Status of this document

This section describes the status of this document at the time of its publication. Other documents may supersede this document. A list of current W3C publications and the latest revision of this technical report can be found in the W3C technical reports index at http://www.w3.org/TR/.

This is a First Public Working Draft of an intended W3C Interest Group Note giving a tutorial explaining decisions of the TAG for newcomers to Semantic Web technologies. It was initially based on the DFKI Technical Memo TM-07-01, Cool URIs for the Semantic Web and was reviewed informally by the Technical Architecture Group (TAG) and the Semantic Web Deployment Group (SWD). This document was developed by the Semantic Web Education and Outreach (SWEO) Interest Group.

Please send comments about this document to public-sweo-ig@w3.org (with public archive). Publication of this document as Working Group Note is planned for 1 February 2008, comments should possibly be sent until 21 January 2008.

Most issues found in TAG and SWD reviews have been addressed, known remaining issues with this document are listed in the changelog section.

Publication as an Working Draft does not imply endorsement by the W3C Membership. This is a draft document and may be updated, replaced or obsoleted by other documents at any time. It is inappropriate to cite this document as other than work in progress.
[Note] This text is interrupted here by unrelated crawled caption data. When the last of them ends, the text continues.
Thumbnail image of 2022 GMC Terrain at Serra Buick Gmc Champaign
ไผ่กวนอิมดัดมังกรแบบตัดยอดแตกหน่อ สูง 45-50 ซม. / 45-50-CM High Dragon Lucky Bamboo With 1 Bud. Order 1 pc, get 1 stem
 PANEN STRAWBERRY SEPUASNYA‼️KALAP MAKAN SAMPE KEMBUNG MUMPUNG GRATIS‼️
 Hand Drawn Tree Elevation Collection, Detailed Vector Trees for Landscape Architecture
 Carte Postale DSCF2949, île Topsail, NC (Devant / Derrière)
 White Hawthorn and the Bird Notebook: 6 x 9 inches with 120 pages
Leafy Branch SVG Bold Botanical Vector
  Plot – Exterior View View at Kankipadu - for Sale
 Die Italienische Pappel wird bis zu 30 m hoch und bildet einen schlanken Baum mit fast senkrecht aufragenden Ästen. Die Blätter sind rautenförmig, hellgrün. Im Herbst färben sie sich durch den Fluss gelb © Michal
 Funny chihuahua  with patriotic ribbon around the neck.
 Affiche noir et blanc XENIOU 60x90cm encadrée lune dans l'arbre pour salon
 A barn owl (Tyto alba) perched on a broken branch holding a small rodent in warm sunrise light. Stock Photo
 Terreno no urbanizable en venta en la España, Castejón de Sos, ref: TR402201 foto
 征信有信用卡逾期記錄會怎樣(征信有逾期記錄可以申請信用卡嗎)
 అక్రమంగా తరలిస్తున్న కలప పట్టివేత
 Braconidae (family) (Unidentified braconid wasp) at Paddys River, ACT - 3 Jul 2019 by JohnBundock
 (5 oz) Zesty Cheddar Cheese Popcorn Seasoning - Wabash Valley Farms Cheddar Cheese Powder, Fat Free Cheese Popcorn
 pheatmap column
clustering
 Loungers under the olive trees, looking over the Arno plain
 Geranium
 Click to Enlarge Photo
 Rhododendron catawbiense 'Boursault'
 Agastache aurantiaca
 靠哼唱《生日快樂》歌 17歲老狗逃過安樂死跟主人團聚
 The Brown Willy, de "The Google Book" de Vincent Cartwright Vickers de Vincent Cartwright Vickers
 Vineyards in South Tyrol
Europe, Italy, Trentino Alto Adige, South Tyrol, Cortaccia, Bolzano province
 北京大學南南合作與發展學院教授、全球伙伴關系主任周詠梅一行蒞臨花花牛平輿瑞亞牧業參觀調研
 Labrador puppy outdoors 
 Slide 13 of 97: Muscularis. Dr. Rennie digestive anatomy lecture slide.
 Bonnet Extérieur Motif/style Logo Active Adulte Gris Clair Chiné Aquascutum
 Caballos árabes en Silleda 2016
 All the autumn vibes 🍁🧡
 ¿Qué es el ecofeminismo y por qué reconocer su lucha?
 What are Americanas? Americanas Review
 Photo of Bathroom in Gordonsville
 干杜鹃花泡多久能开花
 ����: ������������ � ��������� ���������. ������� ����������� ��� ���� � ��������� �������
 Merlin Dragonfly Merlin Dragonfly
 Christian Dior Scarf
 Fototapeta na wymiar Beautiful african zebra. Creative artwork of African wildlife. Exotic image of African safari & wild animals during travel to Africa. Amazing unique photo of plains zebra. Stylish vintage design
This document was produced by a group operating under the 5 February 2004 W3C Patent Policy. The group does not expect this document to become a W3C Recommendation. W3C maintains a public list of any patent disclosures made in connection with the deliverables of the group; that page also includes instructions for disclosing a patent. An individual who has actual knowledge of a patent which the individual believes contains Essential Claim(s) must disclose the information in accordance with section 6 of the W3C Patent Policy.

Scope

This document is a practical guide for implementers of the RDF specification. It explains two approaches for RDF data hosted on HTTP servers. Intended audiences are Web and ontology developers who have to decide how to model their RDF URIs for use with HTTP. Applications using non-HTTP URIs are not covered. This document is an informative guide covering selected aspects of previously published, detailed technical specifications. We assume that you are familiar with the basics of the RDF data model [RDFPrimer]. We also assume some familiarity with the HTTP protocol [RFC2616]. Wikipedia's article [WP-HTTP] serves as a good primer.

1. Introduction

The Semantic Web is envisioned as a decentralised world-wide information space for sharing machine-readable data with a minimum of integration costs. Its two core challenges are the distributed modelling of the world with a shared data model, and the infrastructure where data and schemas can be published, found and used. A basic question is thus how to publish information about resources in a way that allows interested users and software applications to find them.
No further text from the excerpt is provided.